Bitcoin mining chart GPU
Electricity in Jakarta, Indonesia costs three cents per kilowatt hour. That’s 30 cents less than power in the US and Europe. This means, all things being equal and provided you don’t mind your apartment heating up alarmingly, you can make a decent living mining for Bitcoin and Litecoin (another cryptocurrency) using powerful – and hot – graphics cards, each one running at 140 degrees Fahrenheit or more.
That’s exactly what Tiyo Triyanto has decided to do. Using some off-the-shelf components he has jury-rigged a 105 GPU system that can, with intense maintenance, make him $114 a day.
The system, a chain of motherboards, cards, and ethernet cable so convoluted that you could imagine it powering a mad scientist’s lab. Instead, Triyanto has created a very precise and complex mining platform using his own – secret – configurations.
“Currently I’m making about 60 litecoin per day, ” he said. “I’ve kept 95% of the mining profit since April and once the major exchanges start accepting LTC, others will follow, and price is expected to soar. So that 60 LTC could turn into $1, 500.”
Jakarta, where the temperature hovers around 80 degrees and climb to a balmy 95 with 75% humidity is obviously not an ideal environment for a set of machines that require constant cooling. To keep things from burning up Triyanto aims his machines in different configurations and maintains air conditioners that run in his home all night and day.
“However, having cheap electricity is not enough for me, ” he said. “I kept optimizing my mining farms, did a lot of research and testing, built an effective air cooling method, and created heat flow management and hardware airflow alignment, all in the effort to maximize the mining uptime. When I started I was too eager to get it working and missed a lot of testing.”

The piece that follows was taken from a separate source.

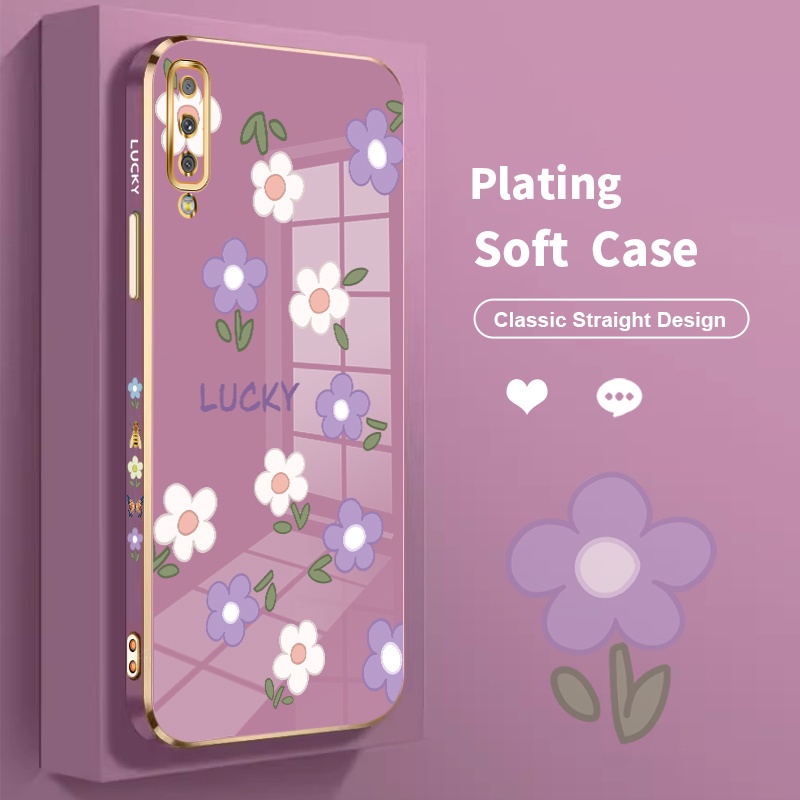 Casing HP For Samsung A7 2018 A70 A70s A71 A71 5G Kesing For Samsung  A715F A72 A73 samaung A750 For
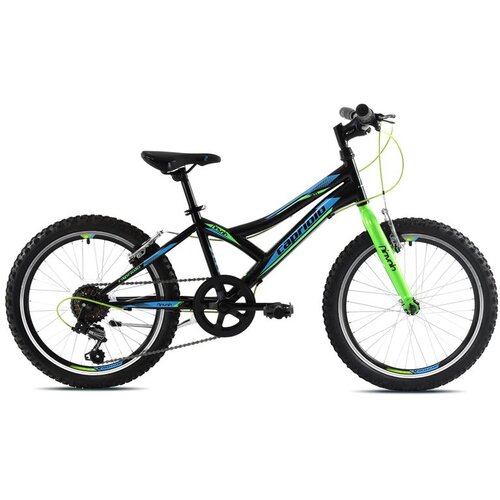 Capriolo bicikl MTB DIAVOLO 200 20&amp;#039;/6HT black Slike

In one way Triyanto’s system is genius. Like Kramer in Seinfeld who attempted to cash in on the pricing disparity between bottle returns in New York and Michigan, CS grad Triyanto is cashing in on his home country’s relatively low electricity costs. This arbitrage, while ingenious, could end as sadly as Kramer’s own adventure. Triyanto’s amazing system will be outpaced soon by faster, more efficient mining rigs. In short, this complex, expensive, and seemingly profitable mining rig is about to be eclipsed by newer and better technologies at a pace far faster than the average user can match.